401(k) Fees Lower than IRA Alternative

401k Plan Fees401(k) fees are lower than IRA options in many cases!  Research has uncovered that 401(k) fees can be lower than IRA fees by a wide margin too.  Rolling over a 401(k) into an individual retirement account (IRA) can significantly erode investors’ savings – to the tune of $45.5 billion over 25 years, according to research from The Pew Charitable Trusts.  That’s because retail IRA fund fees tend to be higher than those charged by 401(k) plans.

In the report, titled “Small Differences in Mutual Fund Fees Can Cut Billions From Americans’ Retirement Savings,” cited recently in Insurance Newsnet, Pew found:

  • Households rolled over more than $516 billion dollars in assets in 2018.  Higher fees on the mutual fund in the IRA would generate more than $980 million in additional fees in 1 year, and a $45 billion reduction in savings over 25 years.
  • Clear, accessible information about fees is needed.  The Government Accountability Office (GAO) found that rollover information is often insufficient or too technical and that people leaving plans receive marketing favoring IRA rollovers.

Pew put together a scorecard showing the most and least expensive fund fees at mutual fund management companies.  The funds are ranked by each firm’s average fund-level asset-weighted expense ratio for both institutional and retail shares.  The scorecard makes it easy to learn 401(k) fees lower than IRA related fees.

Moreover, most retirement plan participants don’t understand that they pay fees for their investments.  Therefore, fees generally don’t play a role in their decisions to roll over retirement assets from a 401(k) plan account to an IRA when switching jobs or retiring, two times when rollovers generally occur.

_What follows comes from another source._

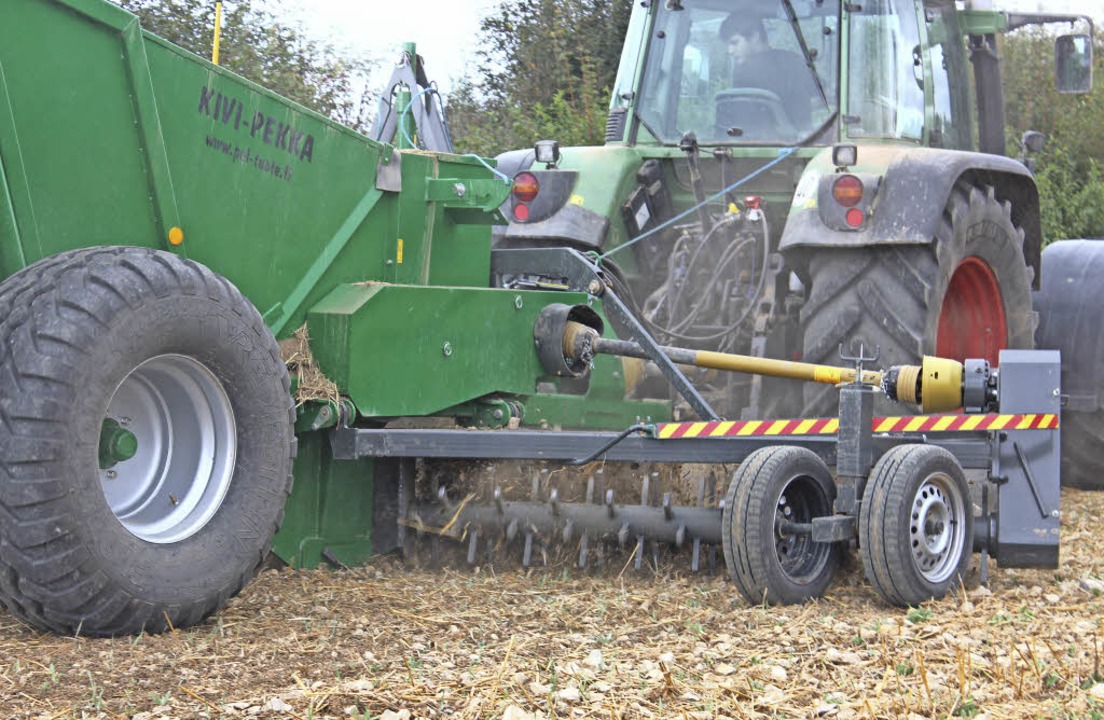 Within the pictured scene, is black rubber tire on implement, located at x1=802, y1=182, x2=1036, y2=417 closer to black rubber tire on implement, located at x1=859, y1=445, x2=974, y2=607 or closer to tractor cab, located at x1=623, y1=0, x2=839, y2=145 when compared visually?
tractor cab, located at x1=623, y1=0, x2=839, y2=145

Pew found that just a quarter of respondents to a survey of retirement plan participants said they read and understood the fee disclosure document they received.

John Scott, director of The Pew Charitable Trusts’ retirement savings project, was quoted giving the following example in the article, which drives home the disparity in 401(k) vs. IRA fees and how they can impact retirement savings:

“…a worker in his mid-20s saved $30,000 in his employer-sponsored 401(k).  When he took a new job, he rolled over his funds into an IRA with same equity mutual fund as his previous plan.  But the funds in the employer plan charged .9% in annual fees while the same fund in his IRA charged 1.24%.  If he had left his money in the 401(k) plan, the total fees over 40 years would have come to $61,000 and his account balance at age 66 would have equaled $507,980.

Rolling over to an IRA would cost the investor more than $76,000 in fees leaving an account balance of $443,333, a reduction of $64,647.

‘So this is someone who’s kept the same mutual fund but did the rollover, moving from an institutional share class to a retail share class,’ Scott said.”

More often than not, individual investors are confused by complex rollover information, and many get lured to open accounts by fancy marketing tactics from the IRA companies.  Policymakers can potentially help by making it easier for participants to keep their money in 401(k) plans.  This makes sense, furthering auto portability as a way to transfer assets between retirement plans, or making low-cost funds a default choice for participants seeking to preserve their savings.  Plan sponsors can also do their part by educating participants on rollover options in a simple, easy-to-understand way, including the potential impact of different types of investment fees on their savings.  Yes it is true – 401(k) fees are lower than IRA fees!